Exercise instructions -
With pictures excluded, give again exactly the lines running from the one holding "Kot Yelek Fermuarlı" through the end of the listing below.

Source information -

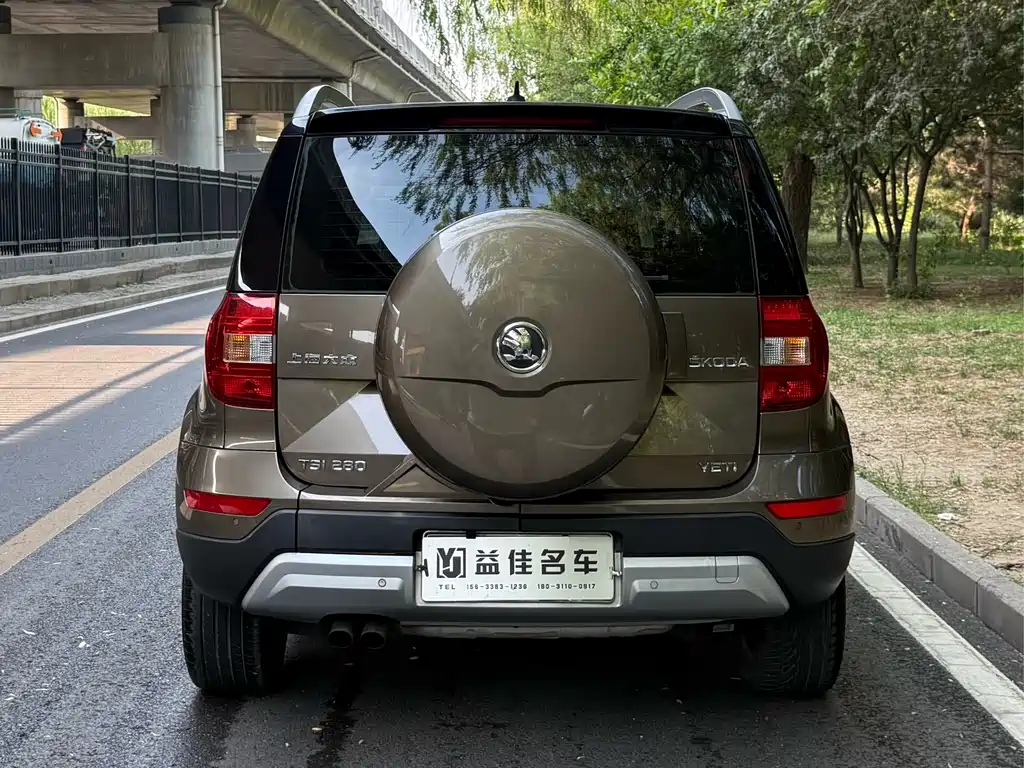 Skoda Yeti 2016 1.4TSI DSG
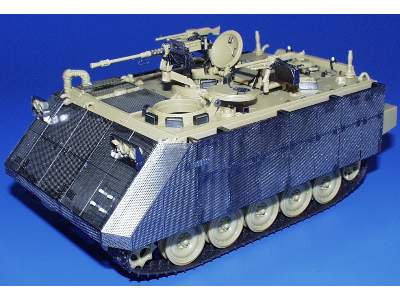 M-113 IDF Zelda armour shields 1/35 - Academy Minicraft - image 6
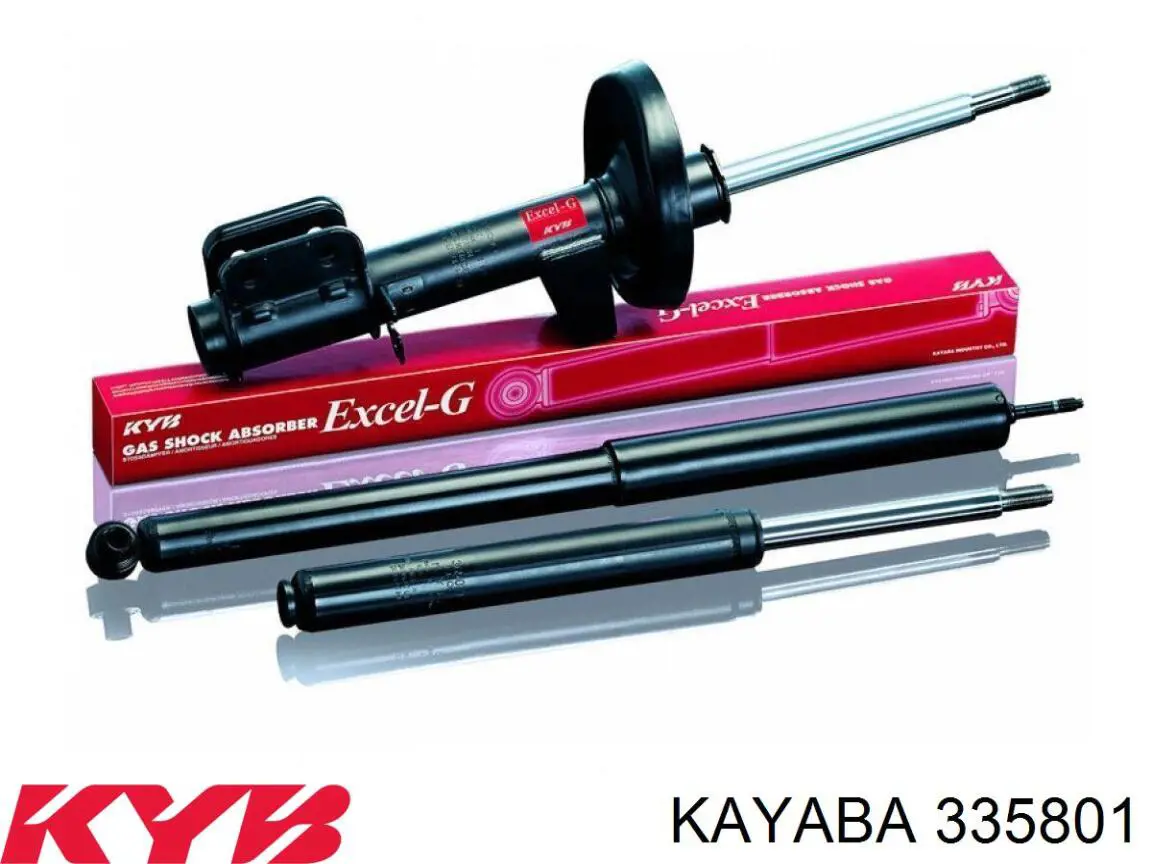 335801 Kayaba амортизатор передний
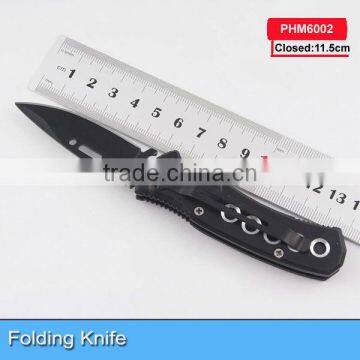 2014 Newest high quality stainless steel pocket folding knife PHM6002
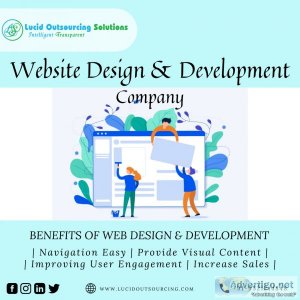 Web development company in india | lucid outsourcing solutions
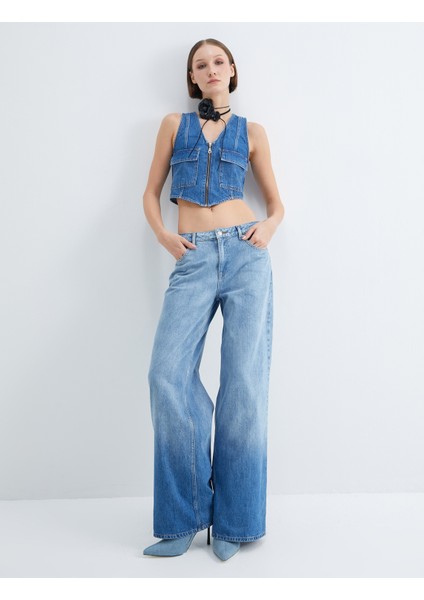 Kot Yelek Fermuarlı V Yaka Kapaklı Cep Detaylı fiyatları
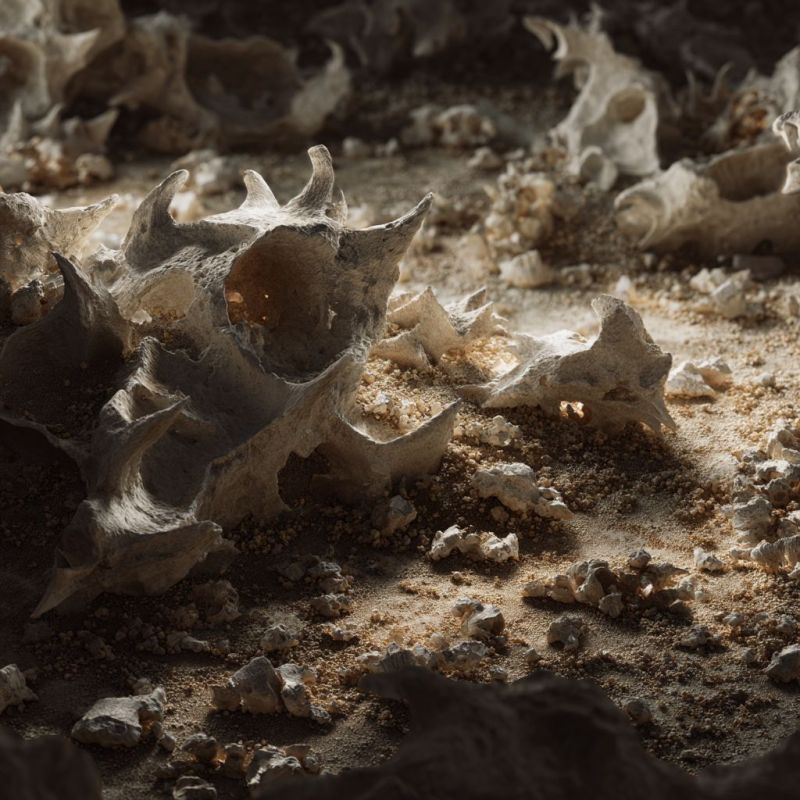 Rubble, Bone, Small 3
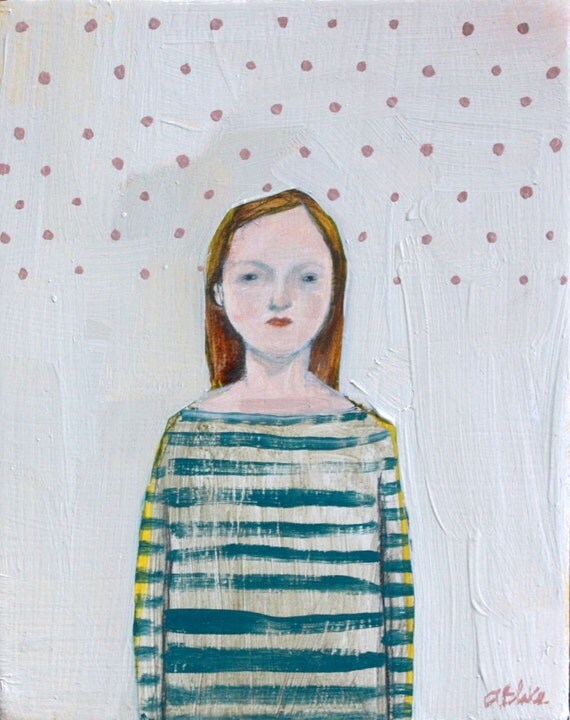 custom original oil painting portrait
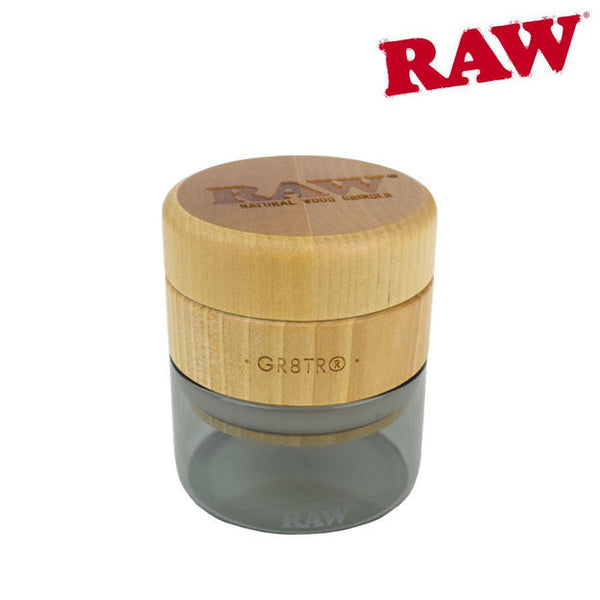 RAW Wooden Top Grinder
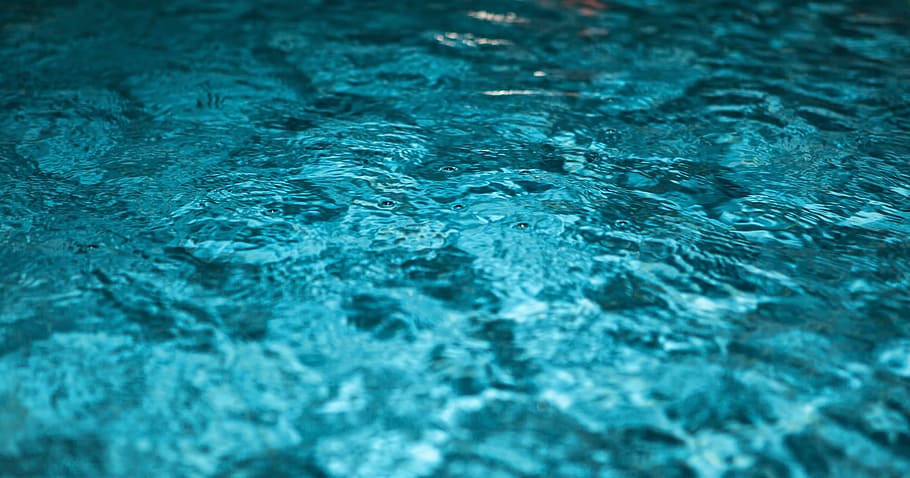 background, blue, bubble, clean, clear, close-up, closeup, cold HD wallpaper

Answer to this problem -
 Kot Yelek Fermuarlı V Yaka Kapaklı Cep Detaylı fiyatları
 Rubble, Bone, Small 3
 custom original oil painting portrait
 RAW Wooden Top Grinder
 background, blue, bubble, clean, clear, close-up, closeup, cold HD wallpaper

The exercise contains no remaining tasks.